The Play Strategy review was carried out under the Council's existing Play Strategy and looked at three distinct types of play;
- fixed play - facilities, such as equipped play areas, skate parks and ball courts
- organised or adult-led play - supervised activities, such as play schemes, children's clubs and youth clubs
- casual or child-led play - activities that children and young people create and do on their own, without supervision.
Play England national guidelines were used to determine the required proximity of provision along with household information provided by the NLPG and the location of existing Fixed Play Areas. The Council was able to determine the number and percentage of addresses both with and without access to fixed play areas for each council ward.
The Council identified 5 Gaps in Provision where a ward had little or no fixed play facilities. These were put to the top of a priority list. The remainder of the play areas were assessed against five specific criteria and prioritised accordingly. To date six play areas have already been refurbished with exciting, challenging equipment appropriate to specific age ranges. The Gaps in Provision have been communicated to planners and developers to enable the Council to address the shortage.
Notes to editors:
The NLPG is a joint venture between all local authorities in England and Wales, the Local Government Information House, part of the Local Government Group and Intelligent Addressing Limited.

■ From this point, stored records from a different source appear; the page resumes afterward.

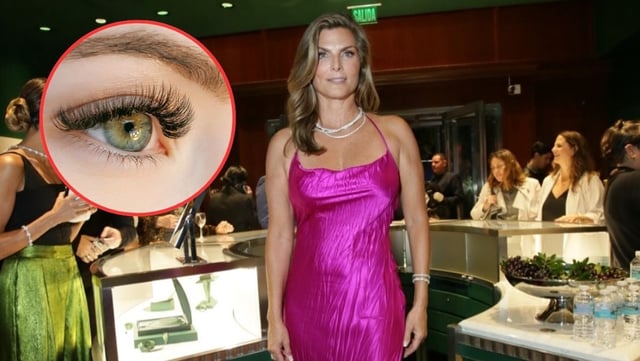 Montserrat Oliver revela que perdió parcialmente la vista por un infarto ocular ¿Qué es esta condición?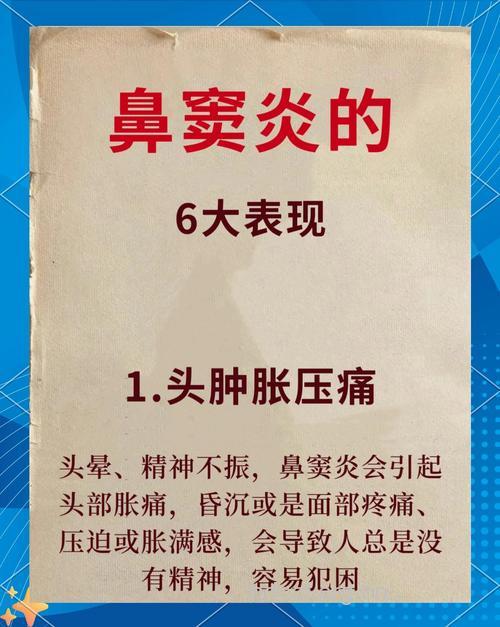 鼻窦炎不能轻视 鼻窦炎的6大症状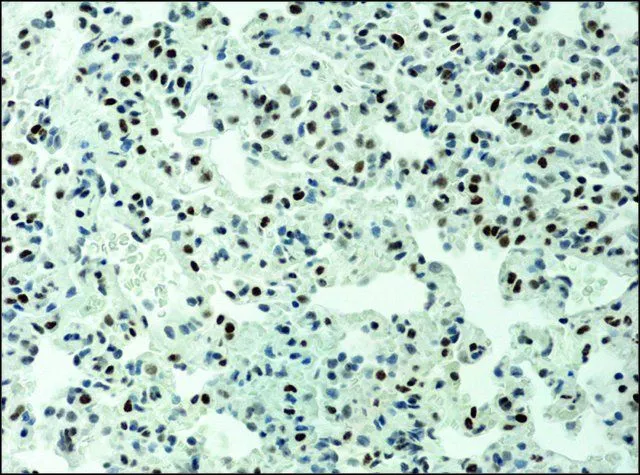 IHC-P analysis of mouse liver tissue using GTX12178 Histone H3K9ac (acetyl Lys9) antibody at 0.1 ug/mL.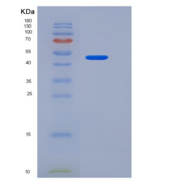小鼠TNFR1 / CD120a / TNFRSF1A重组蛋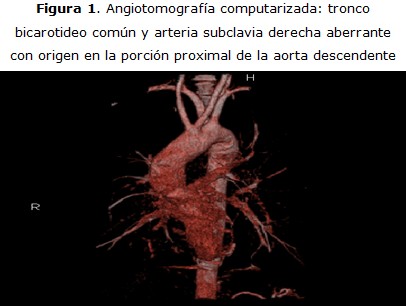 figura 1 
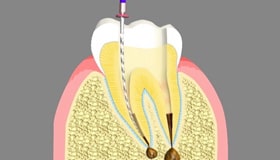 Endodontics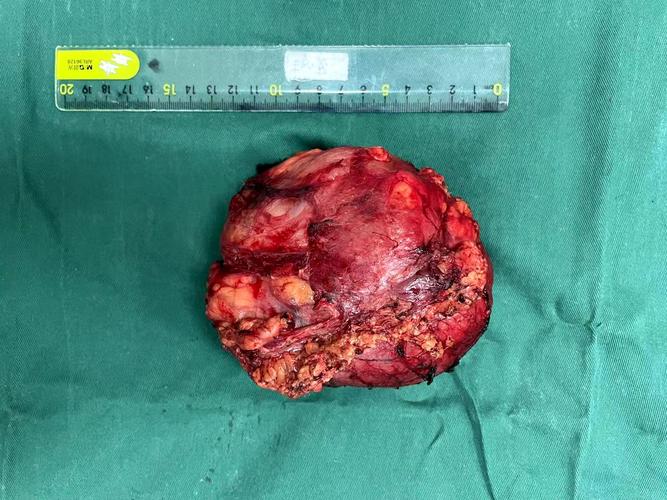 其占全部恶性肿瘤不到1%,但在原发性腹膜后软组织肉瘤中却是最常见的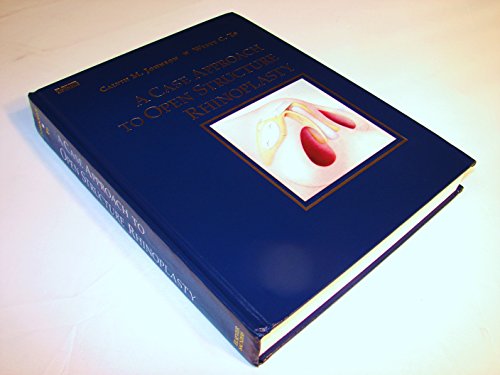 Imagen de archivo de A Case Approach to Open Structure Rhinoplasty a la venta por Book Deals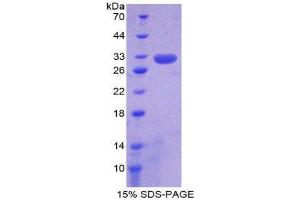 SDS-PAGE (SDS) image for Ring Finger Protein 112 (RNF112) (AA 73-322) protein (His tag) (ABIN1980892)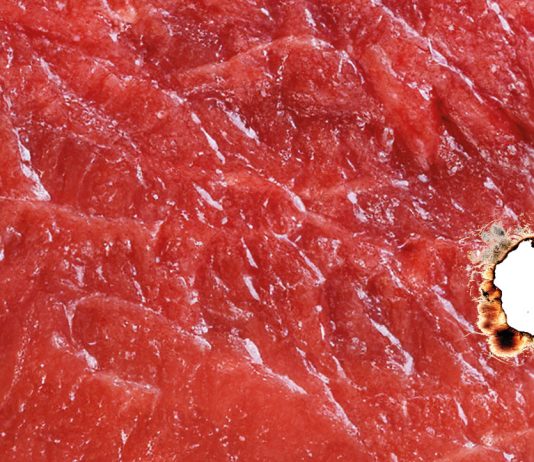 L’odontoiatria e le reazioni avverse a farmaci associate a disturbi delle ghiandole salivari e alterazioni della funzione gustativa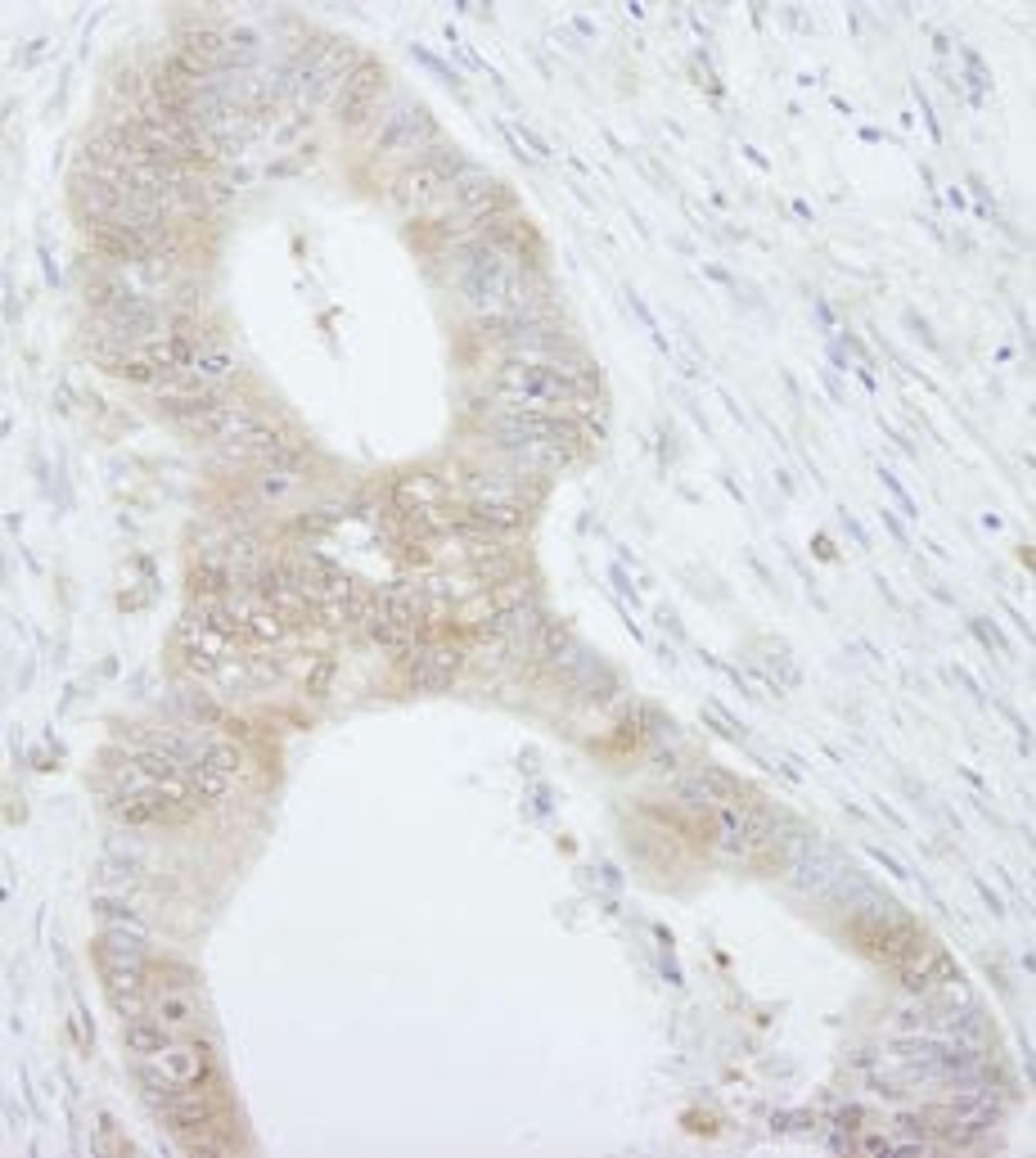 Detection of human 4EBP1 by immunohistochemistry.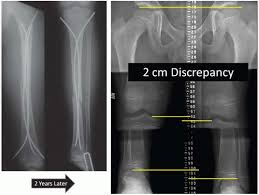 Image result for Functional Leg Length Discrepancy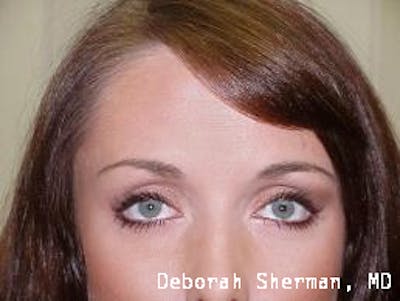 BOTOX Before & After Gallery - Patient 256706 - Image 2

Intelligent Addressing is an information management specialist and data provider, focusing on land and property data, particularly addresses. As well as being the joint venture partner with local government in the development of the NLPG, IA also manages the national datasets for local government; the NLPG and the National Street Gazetteer (NSG). Data is an essential yet high-cost resource to maintain. IA helps organisations find, utilise and manage the information that they need and provides services to any organisation that depends on the accuracy, manageability and versatility of its information.
Local Government Information House is part of the Local Government Group. LGIH concentrates on core projects that have maximum benefit for the whole of local government. To this end, LGIH focuses on geographical information-related projects, as the standardisation of this type of data affects more than 80 per cent of what local government does. LGIH acts as an intermediary between the public and the private sector enabling it to negotiate with private companies on behalf of local authorities in order to provide key parts of a technical infrastructure for improved service delivery.